[Exercise prompt]: Find every line containing "with" in the records below and report the tally as a bare number.

[Working data]:
####

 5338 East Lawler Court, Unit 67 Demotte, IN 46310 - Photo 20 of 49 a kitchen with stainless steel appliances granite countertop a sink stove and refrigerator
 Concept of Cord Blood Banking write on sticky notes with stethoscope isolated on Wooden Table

####

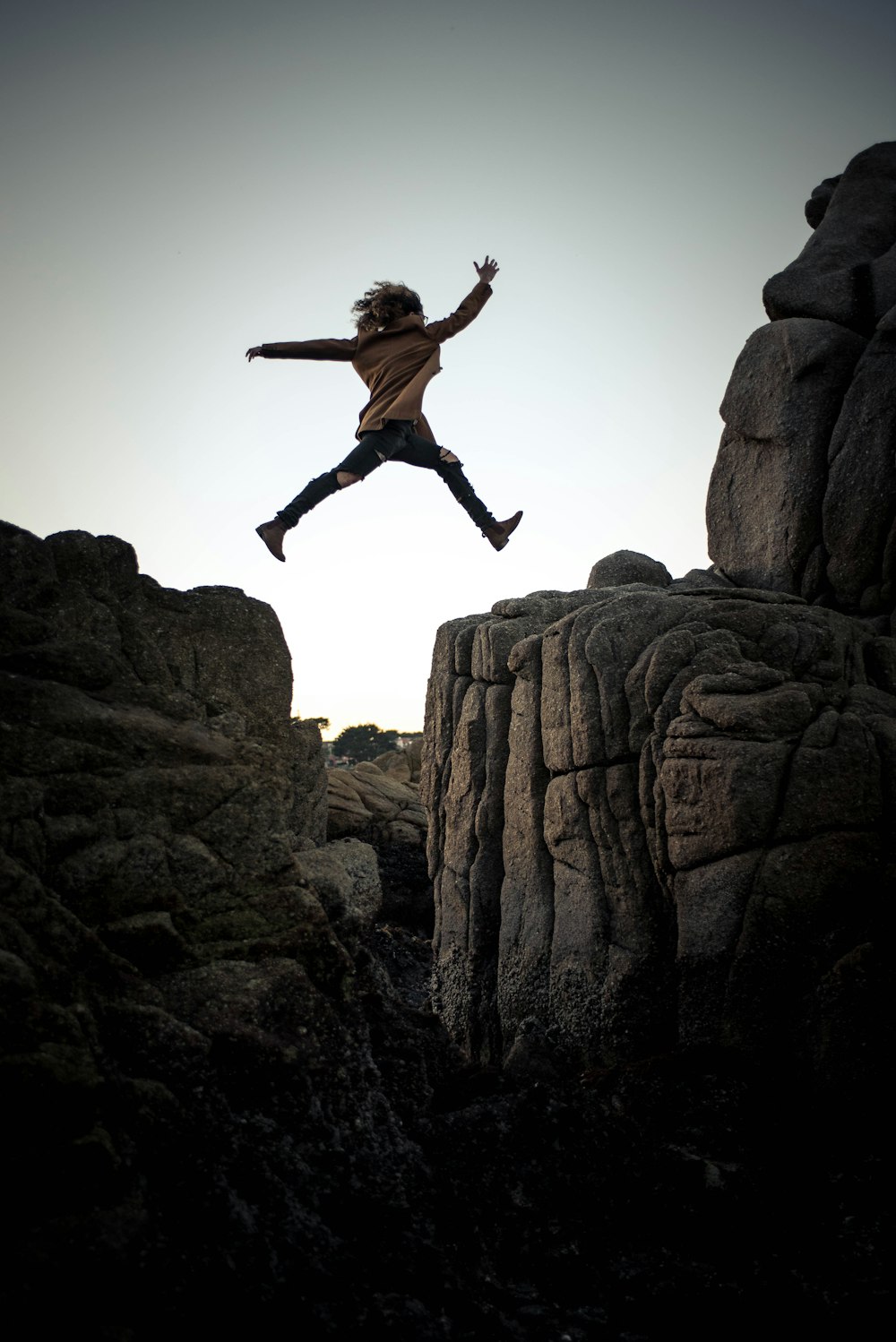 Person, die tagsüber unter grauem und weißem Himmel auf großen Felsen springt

####

[Solution to this problem]: 2